We were unable to determine the impact of work setting (academic and nonacademic), type of microscope used (conventional LM, DM and conventional LM), and time dedicated to breast pathology in grading variability due to the similarities in practice amongst the participating pathologists. We also lacked statistical power to evaluate other potential confounders such as differences in interobserver variability between pathologists that graded based on special type (i.e., cribriform, tubular, lobular, etc.) compared whose who did not, nor a difference in the habit of reporting nuclear grade in cases with heterogeneity.

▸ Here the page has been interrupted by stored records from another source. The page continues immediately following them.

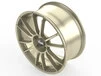 OZ Ultraleggera HLT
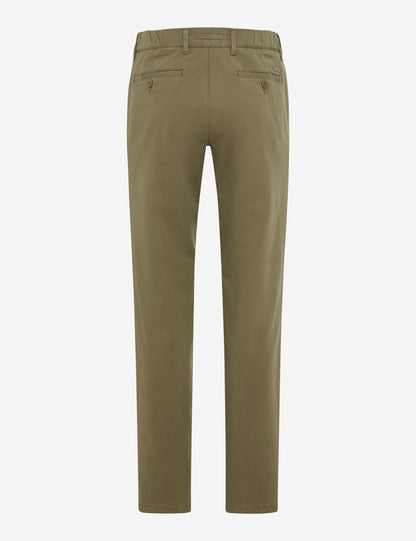 Style Thilo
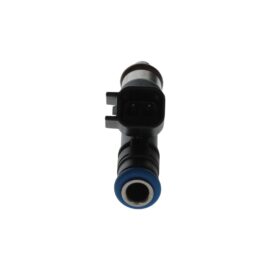 BOSCH FUEL INJECTOR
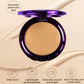 🏖️Summer Hot Sale 50% OFF🌞Matte Concealer for Face & Body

As we did not require pathologists to save annotations used for determining mitotic rates, we are unable to determine whether area selection influenced discordance in this parameter. We recognize that pathologists in our study were split in their approach to scoring nuclear grade in cases of heterogeneity, grading tumors of special type, and the approach used to determine the mitotic rate by VM. This would suggest that further clarification regarding standardization of histologic grading in these settings, particularly when grading using VM would be beneficial to the pathology community at large and requires further study.

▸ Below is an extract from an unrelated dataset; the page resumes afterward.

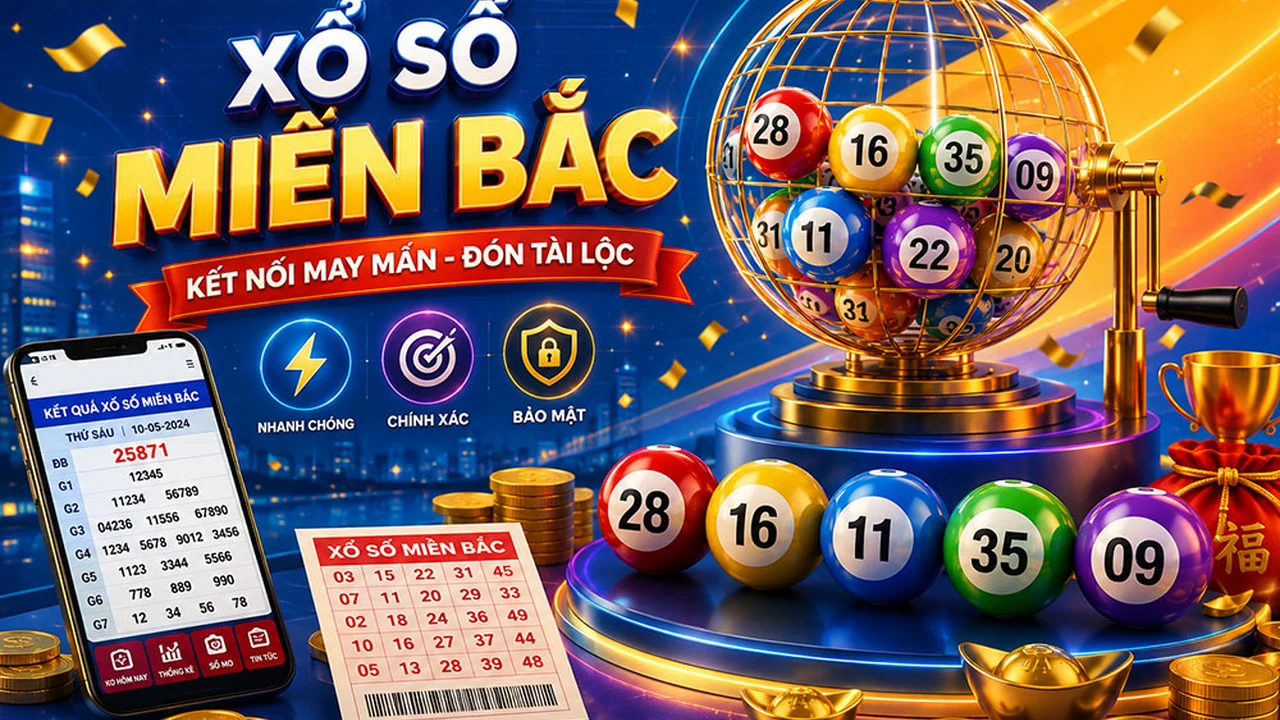 XỔ SỐ: Cẩm nang xổ số theo từng bước trên qua góc nhìn thực tế — 12BET — Quy trình tự kiểm tra không bỏ sót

Our cohort was biased toward HR-positive, HER2-negative tumors, and there was a paucity of HR-negative tumors. This bias may have resulted in increased variability because HR-positive, HER2-negative tumors are commonly graded as grade 2 and also limited our ability to evaluate the effect of grading discordance on prognostic staging in the triple-negative breast carcinoma subtype.

Using VM, a multi-institutional cohort of pathologists showed moderate concordance for breast cancer grading, a finding similar to that seen in studies using LM. The agreement was the best at the extremes of grade and for evaluation of TF. How VM influences the variability of the mitotic rate remains to be elucidated. The clinical relevance of how grading discrepancies affect prognostic staging and the impact of Oncotype DX results in determining PS in cases with grading discrepancies require further study.